Been awhile since I signed in. In a rather exciting (but time-consuming) development, I recently secured a grant writing job with Action Against Hunger-USA, an international hunger-relief organization. Watch the web site on October 16 for the launch of a new campaign to promote Ready-to-Use Foods-- and a lead article in ACF's online newsletter, RESPONSE, that I wrote (with some editing by ACF's communications guru, James). Anyway, below is a post I wrote on the train coming back from a visit to New York City for meetings at ACF:

So who was it that first had the bright idea of eating root and bulb vegetables?
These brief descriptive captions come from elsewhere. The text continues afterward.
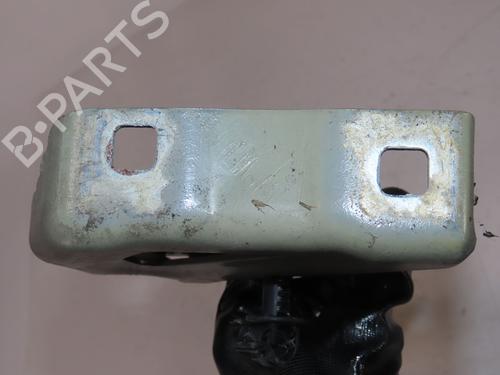 hingedoor-check-strap-fiat-doblo-cargo-263_-2010-33997898 main image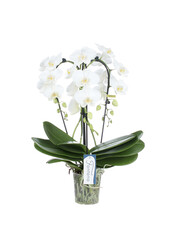 Orchidee Fontano Bellagio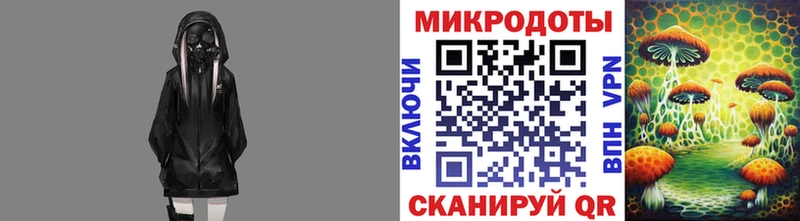 Купить закладки  Ершов  Галлюциногенные грибы Psilocybine cubensis 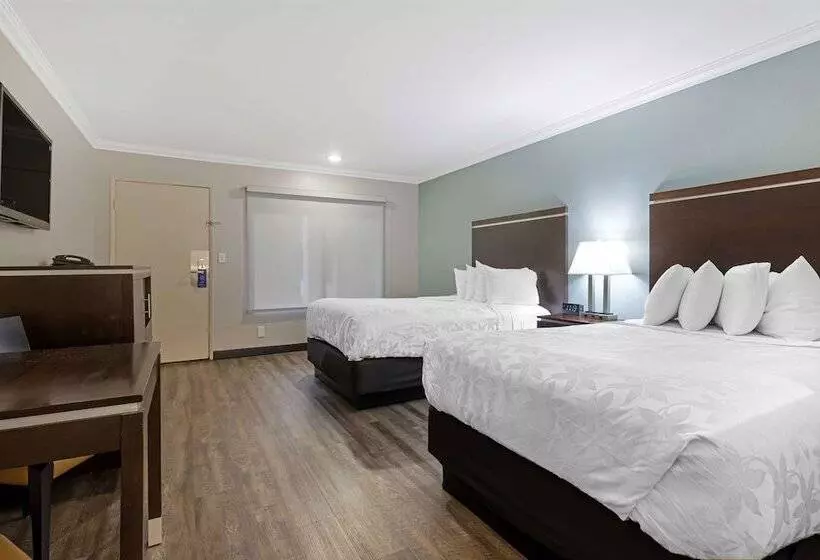 Standard-huone 2 Parivuodetta, Best Western Courtesy Inn Hotel Anaheim Resort At The Park
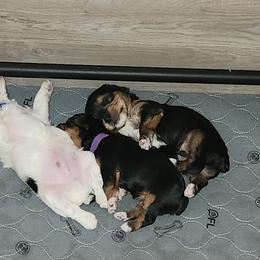 Yorkshire Terrier Puppies from Parti Time Yorkies Indy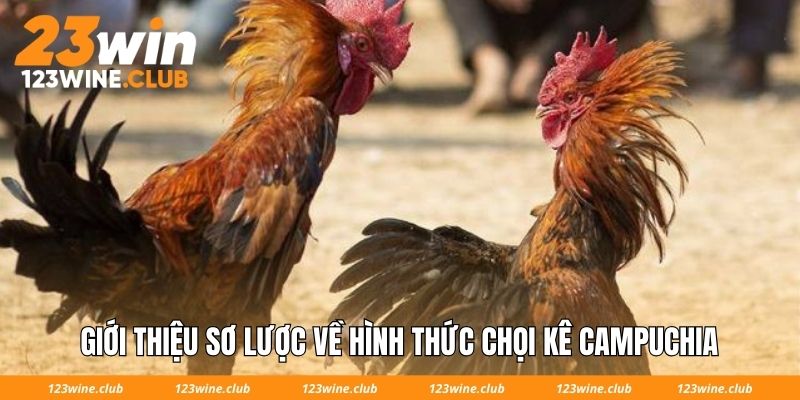 Giới thiệu sơ lược về hình thức chọi kê Campuchia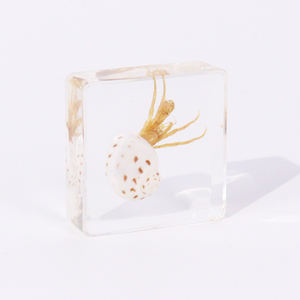 Véritable insecte taxidermie ermite crabe résine transparente spécimen outils éducatifs pour la collecte - Product Image 2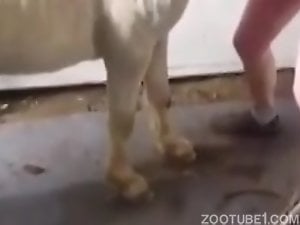 Horse Fucking Girl Indian - Zoophilia Search Results for Horse / Zoo Tube 1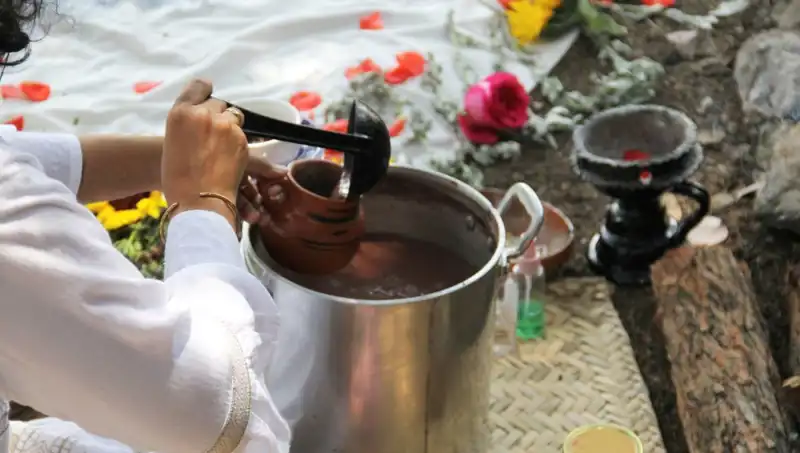 Ayahuasca: Gizemli İyileştirici Çay ve Yasal Durumu
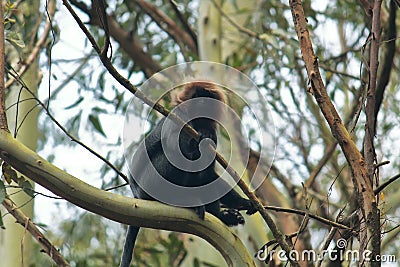 Endemic nilgiri langur semnopithecus johnii sitting on a branch Stock Photo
Really, think about it—prehistoric man (or woman) is exploring his hunter-gatherer options and looks at a perfectly innocuous plant growing like any other, and thinks, maybe I should pull this up and eat it. Doing so, he devours the plant stem and leaves—but he’s still hungry. Then he looks at the dirt-covered root —let’s make it an onion-- that he just pulled out of the ground in his haste to get at something edible, and has an epiphany. He could wash this (or maybe just rub the dirt off)—and eat it. Or, better yet, he could sauté it and serve it and add pizzazz and some B-vitamins to that woolly mammoth he just killed.

Somehow I can’t see it.

OK, so I’m getting a little carried away. A day spent harvesting and processing root and bulb vegetables—all of which have to be pulled out of the ground with more than a little effort-- will do that to a person. Seriously, would you ever think that something like this








could be cleaned up and put into a soup? (Those are leeks, by the way, for anyone who thought they were seeing really big scallions.) It takes a lot of people sitting around like this. :

(That's Matt, cleaning leeks.)
In addition to the leeks, we were also pulling and processing garlic (harvested weeks ago, then tied up and cured in the barn), carrots, and celeriac, otherwise known as celery root. That makes two bulbs and two roots, for anyone who's keeping score.
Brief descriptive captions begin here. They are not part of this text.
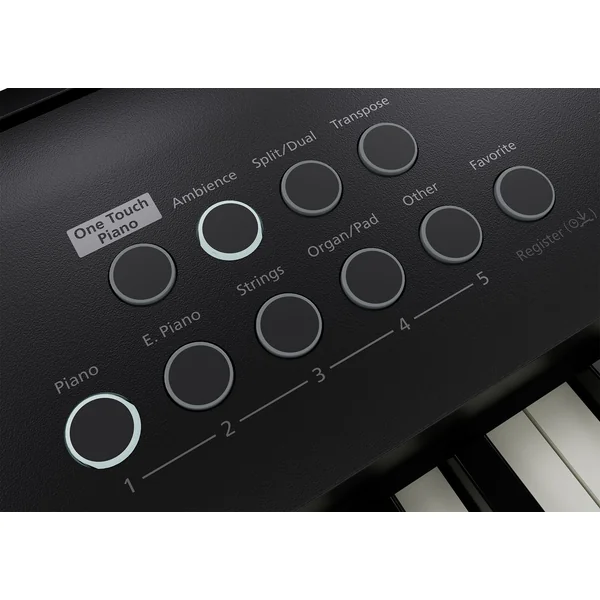 FP-E50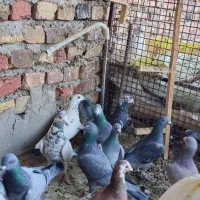 ۲۰تا نر|پرنده|خاش, |دیوار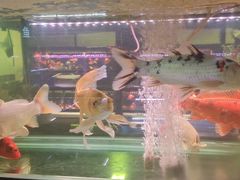 -中环花鸟鱼虫市场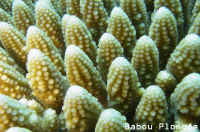 Corail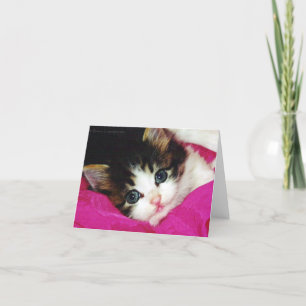 Worlds Cutest Kitten Card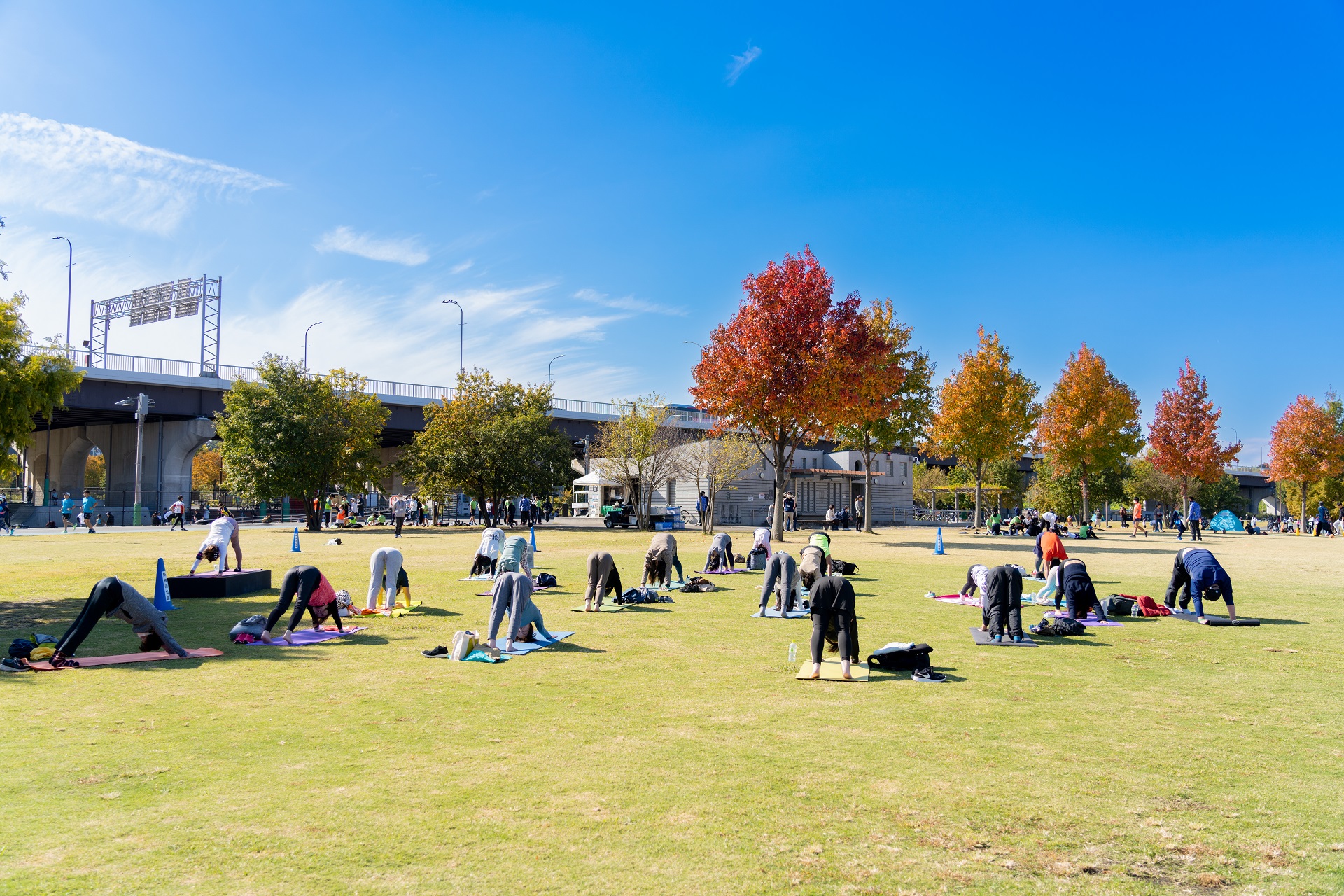 新横浜公園 Shinyoko Park Twitter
The celeriac was the real challenge—like many root vegetables, it has to be loosened with a shovel before you can even pull it out of the ground. Then it has to be cleaned—which we did sitting out in the field where we had harvested it, cutting off the muddy, hairy roots with a machete, then lopping off the green shoots, leaving ourselves with a big knob that looked quite similar to, but not at all like, a mandrake root. THEN we took the whole mess back to the barn and washed it, using high-pressure streams of water (more or less—this isn’t an industrial operation) to spray the celeriac to within an inch of its life, as the mud slowly loosened its grip and was slurped, not without protest, down the drain in the floor.

The leeks received basically the same treatment, although their roots didn’t provide such a tangled mess to scrape off. The carrots just had to be washed. Since they were bunched up, and the bunches were held together with a rubber band tied around the stalks, we didn’t even have to take the stalks off them.

As for the garlic, it also had its stalk cut off, and was peeled enough so that all the brownish, ugly-looking skin was gone and it, well, looked pretty. (Please remember that the farm belongs to a catering company.)

This post has been yet another attempt to explain why organic food costs so much.